By Katherine Starr
Is Sexual Abuse in Youth-Serving Organizations Covered under a Liability Waiver? This argument was presented by the defense in a recent case. Let’s review and see if this is a plausible argument in youth-serving activities.
Understanding that it is close to impossible to participate in sports or any activity without being presented with a liability waiver. Every sport has some risk of some sort and parents are responsible for knowing that risk and accepting responsibility for any inherent risks that might occur. Does that mean, that one is also waiving their rights when it comes to sexual abuse, or any kind of abuse perpetrated on the individual participants in a youth-serving environment?
In reviewing a liability waiver, there are many variations that cover the same basic premise, the example used here is a waiver from Sadler Sports1 . Without going through the entire document, we will focus a few key elements in the waiver for this case study.
Starting with the beginning statement in the opening paragraph “participate in any way”.
In analyzing that statement, it doesn’t differentiate from one level of skill to another or one style from another. A generic a statement stating one’s participation in any way.” Participate in this context is considered voluntary and without force.
This statement at this point doesn’t cover sexual abuse or harm done to a minor.
The referenced waiver is comprised of four clauses; however, the focus will be on the first two clauses, starting with the first clause, which read as follows;
1. The risk of injury from the activities involved in this program is significant, including the potential for permanent paralysis and death, and while particular rules, equipment, and personal discipline may reduce this risk, the risk of serious injury does exist; and,
Focusing on the first part of the clause “risk of injury.” Simply stated, sexual abuse cannot be defined as an injury it is a violent act perpetrated upon the victim.

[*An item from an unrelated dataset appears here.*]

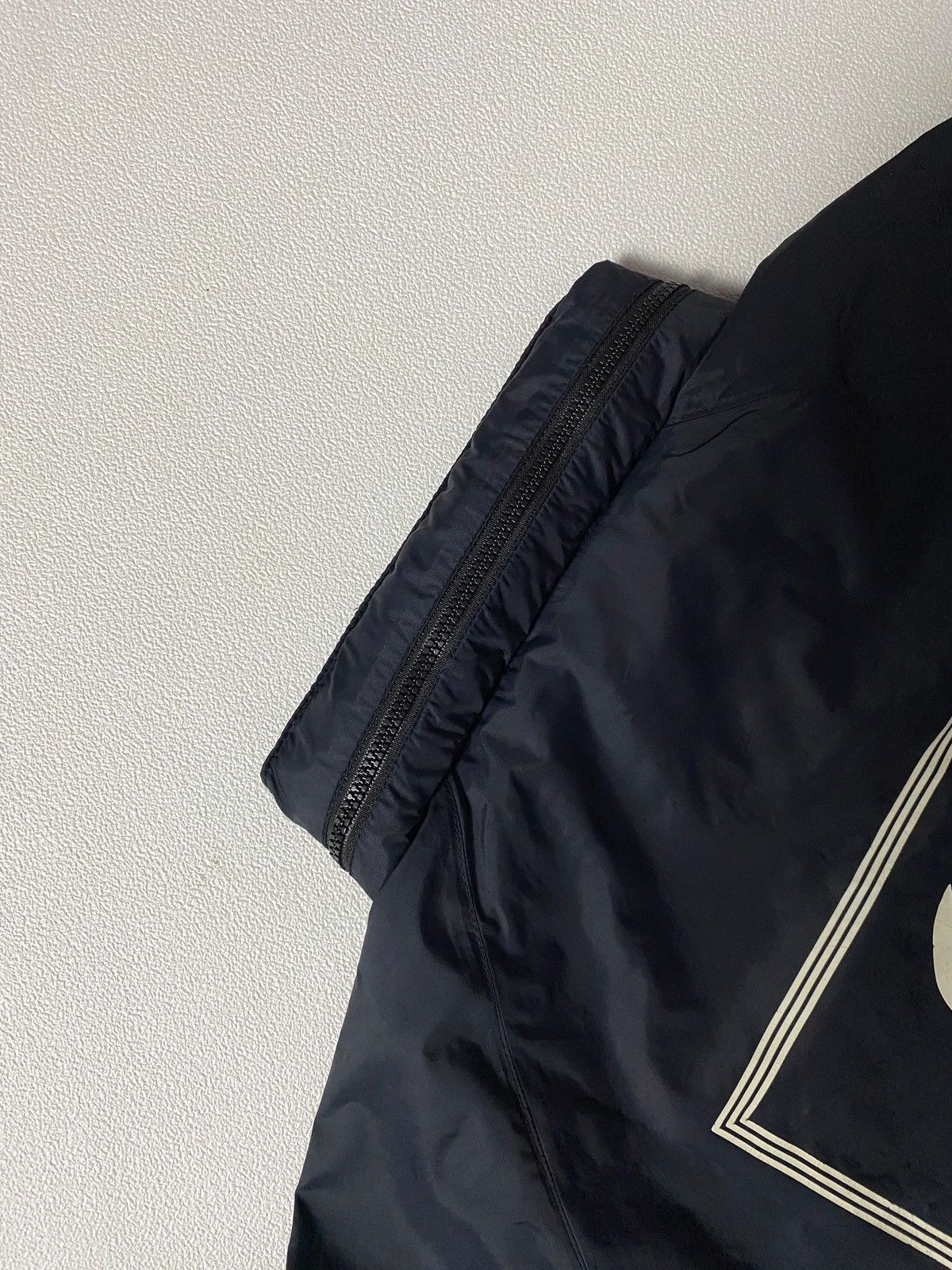 Adidas × Neighborhood ADIDAS X NEIGHBORHOOD WIND JACKET Size US M / EU 48-50 / 2 - 20 Thumbnail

The clause also references “personal discipline”. If someone has been previously disciplined for an act of sexual abuse with a minor and the appropriate authorities have been notified the employee presumably would no longer be involved in the program. If a person was accused of abuse and continued employment and or involvement in the environment, it would then become a situation of negligence and an act of omission. Thus, the waiver would not be a viable argument for such a defense.
This leads to second clause in the waiver, which reads as follows;
2. I KNOWINGLY AND FREELY ASSUME ALL SUCH RISKS, both known and unknown, EVEN IF ARISING FROM THE NEGLIGENCE OF THE RELEASEES or others, and assume full responsibility for my participation; and,
This section states a few key statements “both known and unknown” as well the “even arising from the negligence.”

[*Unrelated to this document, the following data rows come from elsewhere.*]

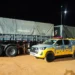 Prejuízo ao crime de R$ 150 Mil: PMTO apreende semirreboques adulterados em Palmas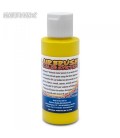 AIRBRUSH COLOR SOLID YELLOW 60ML
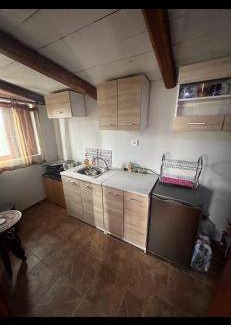 Maladhes Apartment | 50 m² Apartment ∙ 1 bedroom ∙ 3 guests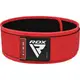 Пояс для тяжелой атлетики RDX RX1 Weight Lifting Belt RED-L купить недорого в Украине, фото 23351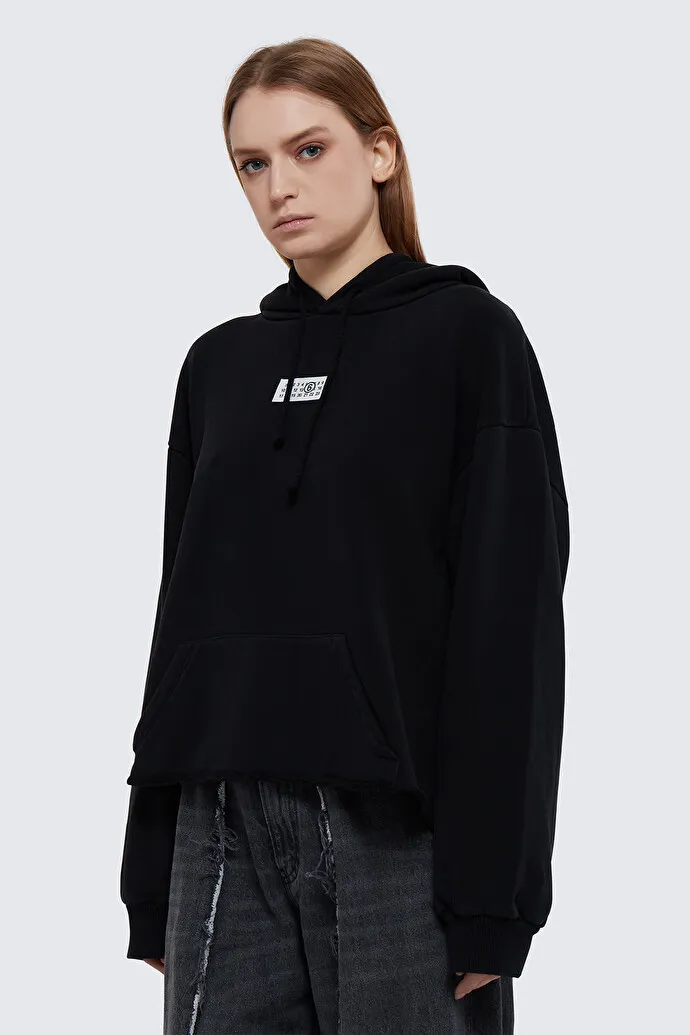 MM6 Maison Margiela  |Unisex Street Style Plain Logo Skater Style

Having just stated negligence in the first section, wouldn’t that contradict the second clause and therefore be a forcible argument for the case?
The main aspects of the clause “known or unknown” would not apply in this situation either as this is where the term “Non-Accidental Violence2” is applied to describe an act of sexual abuse or harassment in a youth serving environment. Regardless of “known or unknown” acts perpetrated by the individual, is incumbent upon the organization to provide reasonable training to staff to prevent such acts of violence as well as follow all state and federal law requirements.

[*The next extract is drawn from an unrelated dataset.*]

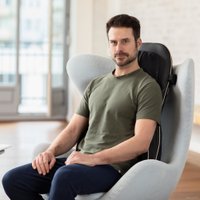 Массажная накидка на сиденье Medisana MC 825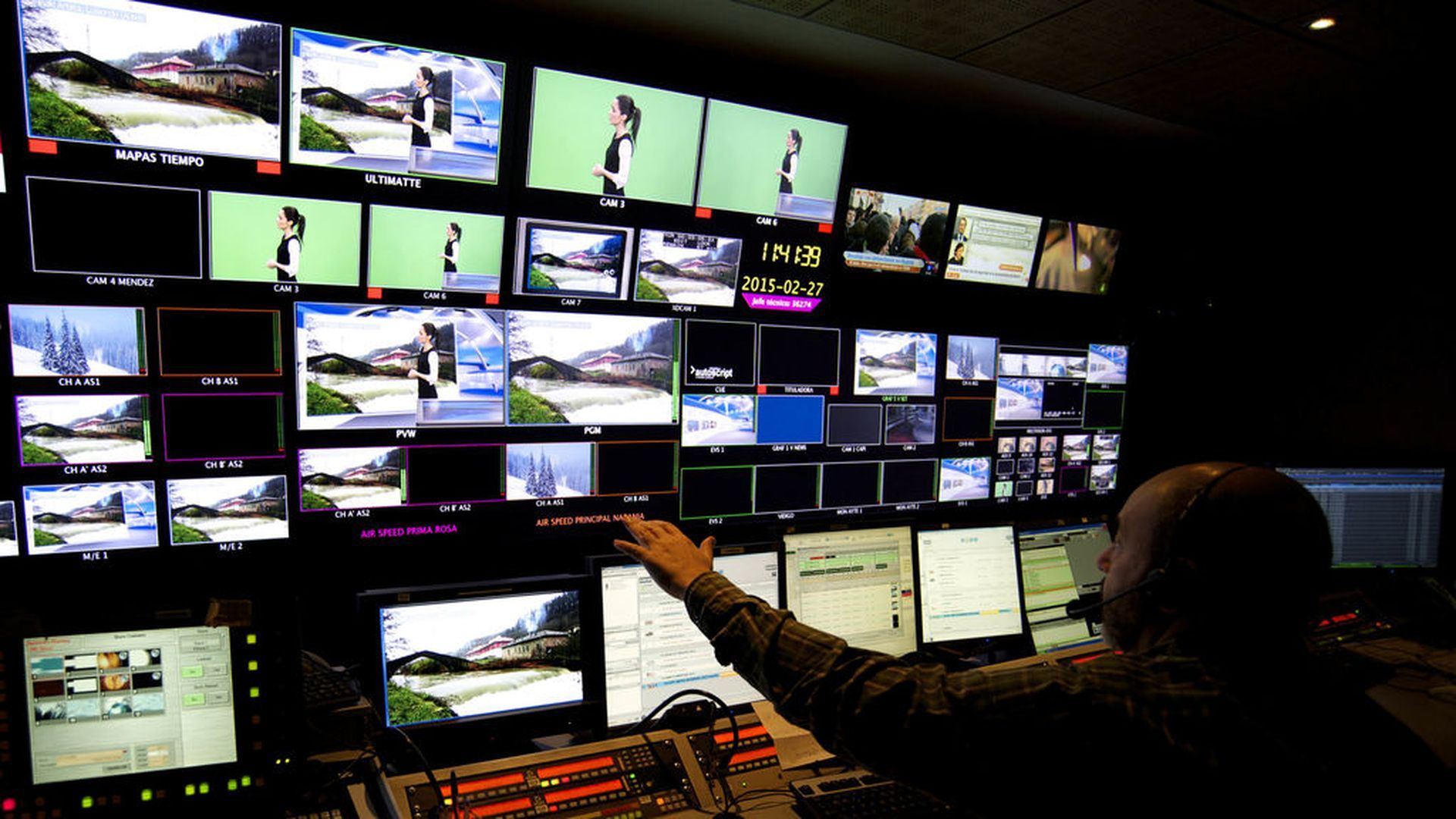 control informativos1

In conclusion, sexual abuse cannot be defined as an injury it is a violent act perpetrated upon the victim.
A parent cannot waive their right or that of their child’s of being prey to sexual abuse or any other form of abuse in the sport setting (or any setting) known or unknown, despite the fact there is now wide spread knowledge to the prevalence of the issue. This type of harm done to a minor (or any age athlete) would be categized as non-accidental violence.
Meaning that the harm wasn’t as a result of their inherent participation in the sport and was as a result of being groomed, targeted, coerced and manipulated with intent to harm. The parent could not foresee the intent of the coach, leader, or person of authority over their child in any situation.
There is also a reasonable expectation that the program had taken efforts to vet their staff, respond to previous concerns, follow the state and federal laws and take the necessary action upon any complaint to provide a safe environment prior to accepting participants into a youth-serving and/or power imbalanced athletic structure.
In any case of sexual abuse, a parent (or participant) cannot waive their rights with a liability waiver for cases which involve acts of “non-accidental violence” or “non-accidental harm” to participants in the program regardless of age.
Terms and Definitions
Non-accidental violence—Any unwelcome sexual harassment and/or abuse, financial abuse, bullying and emotional abuse, hazing, neglect, physical abuse and child exploitation.
Negligence—Acts of omission regarding athlete safety. For example, depriving an athlete of food/or drink; insufficient rest and recovery; failure to provide a safe physical training environment; or developmental age-inappropriate or physique-inappropriate training methods.
Sexual abuse—Any conduct of a sexual nature, whether non-contact, contact or penetrative, where consent is coerced/manipulated or is not or cannot be given.
Sexual harassment—Any unwanted and unwelcome conduct of a sexual nature, whether verbal, non-verbal or physical.